- [What you need to do]:
Of the entries below, restate word for word only the section that runs from the line with "Champion（チャンピオン）の古着「リバースウィーブパーカー」｜レッド" to the line with "merlot メルロー キャミソール　ギンガムチェック　2WAY", counting both ends.

START Extracted entries

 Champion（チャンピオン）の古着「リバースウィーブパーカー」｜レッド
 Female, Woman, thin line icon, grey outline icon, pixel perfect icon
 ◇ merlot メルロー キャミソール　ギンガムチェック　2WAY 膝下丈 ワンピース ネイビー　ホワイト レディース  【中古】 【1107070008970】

END Extracted entries
START Extracted entries

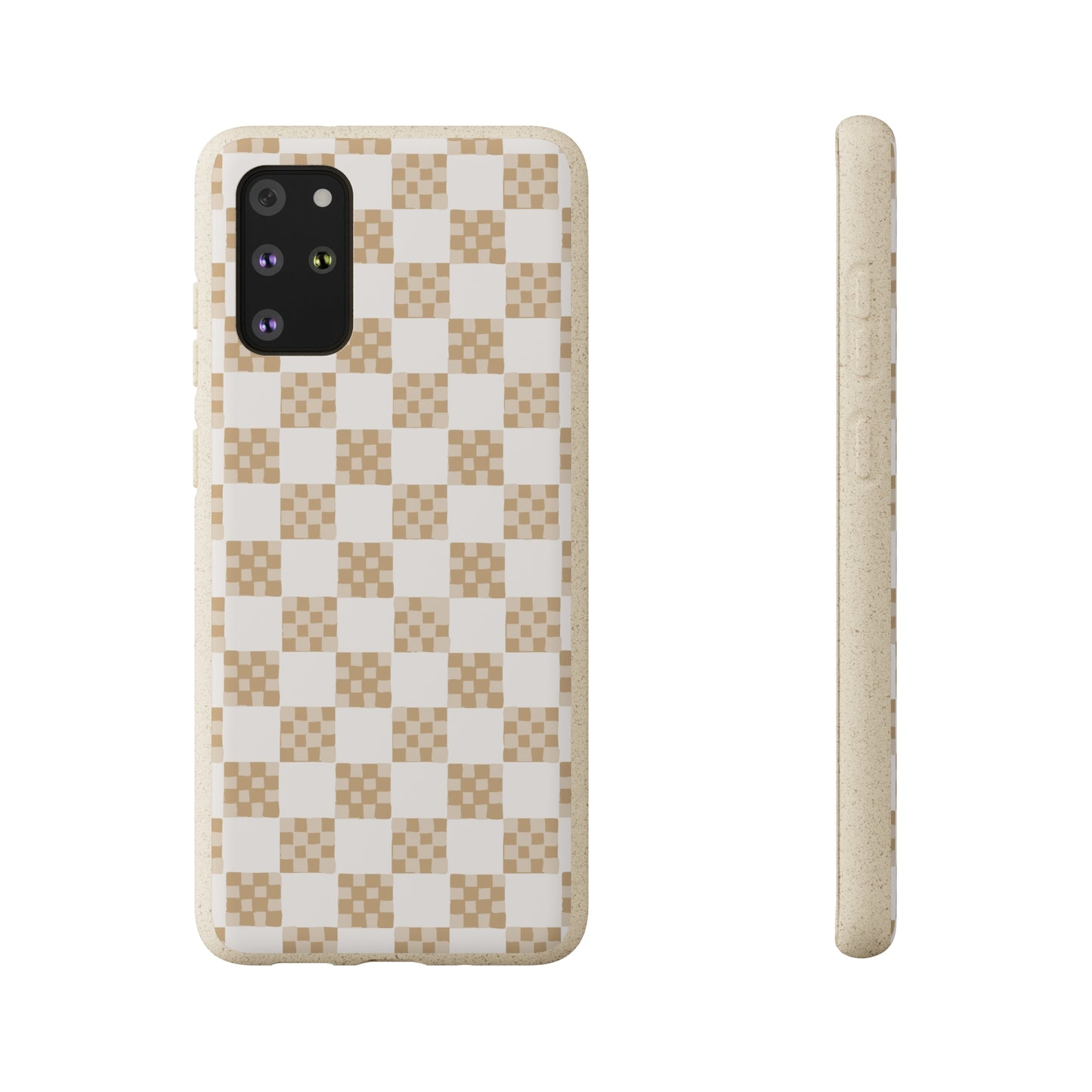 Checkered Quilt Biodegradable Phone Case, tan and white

END Extracted entries
START Extracted entries

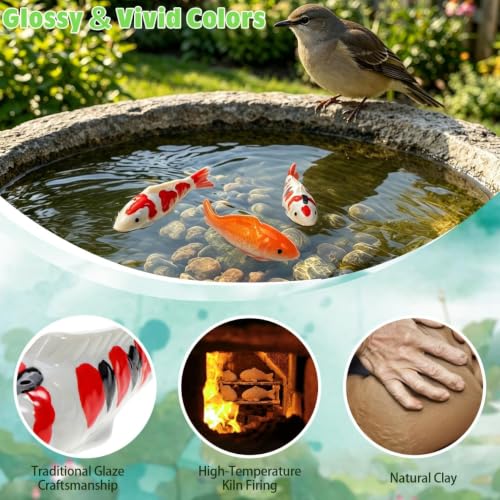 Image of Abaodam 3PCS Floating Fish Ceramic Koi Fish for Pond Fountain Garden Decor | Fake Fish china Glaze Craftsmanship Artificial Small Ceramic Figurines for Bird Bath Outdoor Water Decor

END Extracted entries

- [Result below]:
 Champion（チャンピオン）の古着「リバースウィーブパーカー」｜レッド
 Female, Woman, thin line icon, grey outline icon, pixel perfect icon
 ◇ merlot メルロー キャミソール　ギンガムチェック　2WAY 膝下丈 ワンピース ネイビー　ホワイト レディース  【中古】 【1107070008970】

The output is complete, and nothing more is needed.